Сэм Левин был не только шофером Майка Корбета, он был его советчиком. Сэм жил в восточной части Нью-Йорка. Ему было столько же лет, сколько и Майку, - двадцать восемь или двадцать девять; он был такого же роста, как Майк, - сто семьдесят пять сантиметров и столько же весил - сто шестьдесят фунтов. Майк окончил Гарвардский университет. Сэм не кончал ничего, Майк встретил Сэма, когда тот был шофером такси, и предложил ему работать у себя. Сэм сказал, что у него есть работа. Майк сказал, что будет платить ему больше, чем тот зарабатывает шофером такси. Сэм спросил Майка, сколько часов придется работать. Майк ответил Сэму, что не знает, когда и сколько придется работать. Сэм спросил Майка, на какой ему придется ездить машине. Майк ответил Сэму, что ездить он будет на большой машине. Сэм согласился. Он был с детства помешан на больших машинах.
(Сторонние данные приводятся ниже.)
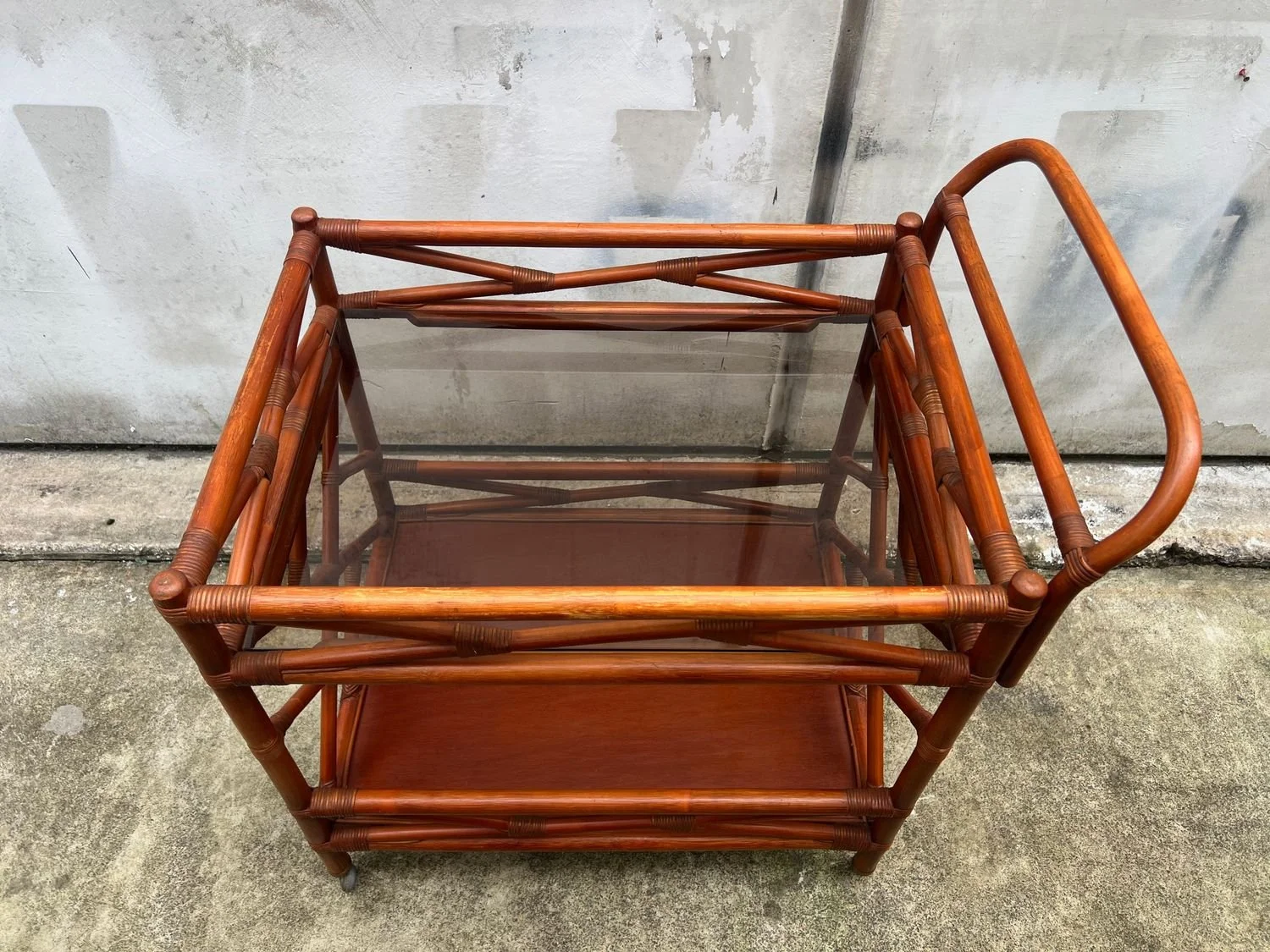 Vintage Cane Tea Trolley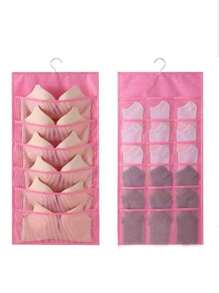 1 Pc Hanging Bra Organizer With Rotating Metal Hanger, Extra-Large Dual Sided Wall Shelf Wardrobe Mesh Pockets Hanging Storage Bag For Bra Socks Underwear Underpants,Double Side Underwear Storage Bag, Functional Lingerie Packing Bag, Hanging Bra Socks Organizer, Bag For School School Accessories School Stuff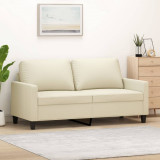 Canapea cu 2 locuri, crem, 140 cm, piele ecologica GartenMobel Dekor, vidaXL
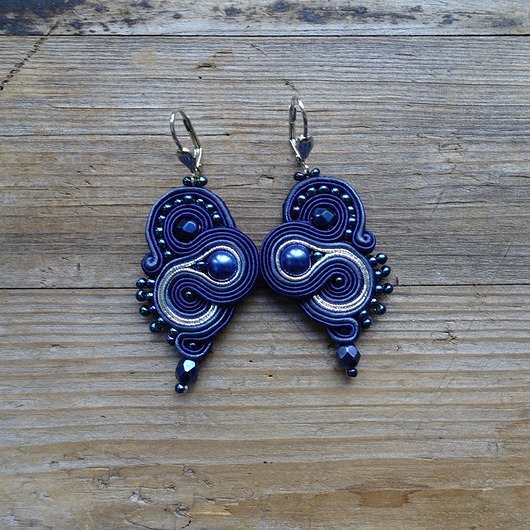 Granatowe kolczyki soutache  Mró Soutache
Сэм провел машину Майка через весь североамериканский континент, от Манхэттена до самого Сан-Франциско.

Одеваясь у себя в комнате, Сэм сказал:

- Миллион километров от самого конца света, a он не дает мне поспать!

Он прошел одиннадцать шагов до комнаты Майка.

- Который час? - спросил он.

- Начало второго, - ответил Майк. - Послушай, Сэм, ты должен придумать для меня какое-нибудь дело, чтобы Эмма пустила меня домой. Ты ведь и сам хочешь в Нью-Йорк, правда? Ты ведь и сам скучаешь по Розе Тарантино, правда?

- Скучаю ли я по Розе Тарантино? Он меня еще спрашивает, скучаю ли я по Розе Тарантино! Да я женюсь на ней в первый же день, когда вернусь в Нью-Йорк! Как вы думаете, Майк, попадем мы с вами живыми когда-нибудь в Нью-Йорк?

- Непременно, - сказал Майк. - Мы непременно туда попадем, если ты придумаешь для меня какое-нибудь дело. Эмма все еще стоит на своем. Я только что ей звонил.

- При чем тут Эмма? - сказал Сэм. - По-моему, вы самый большой тупица из всех, кто окончил Гарвардский университет. Дело совсем не в Эмме, а в ее отце. В старике Гордоне. Неужели вы не можете понять даже этого?

- Почему ты думаешь, что дело тут в ее отце? - спросил Майк.